Carriers Blink, Invite Visa to Be Part of Payments Cabal

According to Reuters and the Wall Street Journal three of the big carriers in the US (not including Sprint) are significantly scaling back ambitions for ISIS, their mobile payments effort that was to take on Visa and MasterCard. The original idea was that users would have payment accounts with their carrier directly and Discover Card was going to be used as the payments platform. The plan was that the carriers would take a cut of each transaction. There were also shopping and mobile marketing fantasies associated with ISIS. However, according to the WSJ, Discover was the weak link and many merchants balked at using the smaller company. It’s a tiny player (3% of the market) compared with Visa, Mastercard and Amex. Very few US consumers have the Discover Card. Accordingly the US carriers have now invited Visa and MasterCard to participate in ISIS to help drive consumer adoption.

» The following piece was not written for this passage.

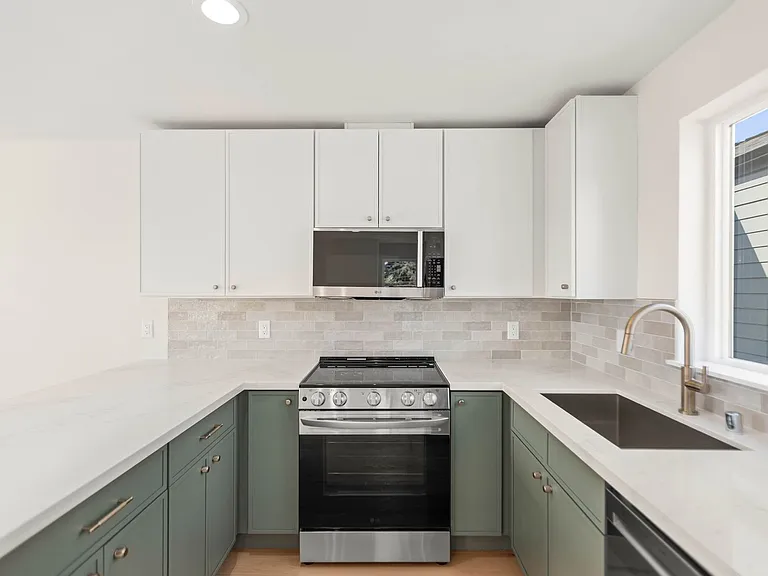 811 NE 125th St — Photo 9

According to the WSJ:
[T]he group has adopted the less ambitious goal of setting up a “mobile wallet” that can store and exchange the account information on a users’ existing Visa, MasterCard or other card, people familiar with the matter said. The carriers are scrambling to find other ways to make money from the transactions. To get as many users as possible, the carriers are now in talks with Visa and MasterCard to have them participate in the system they will embed in phones, people familiar with the matter said.  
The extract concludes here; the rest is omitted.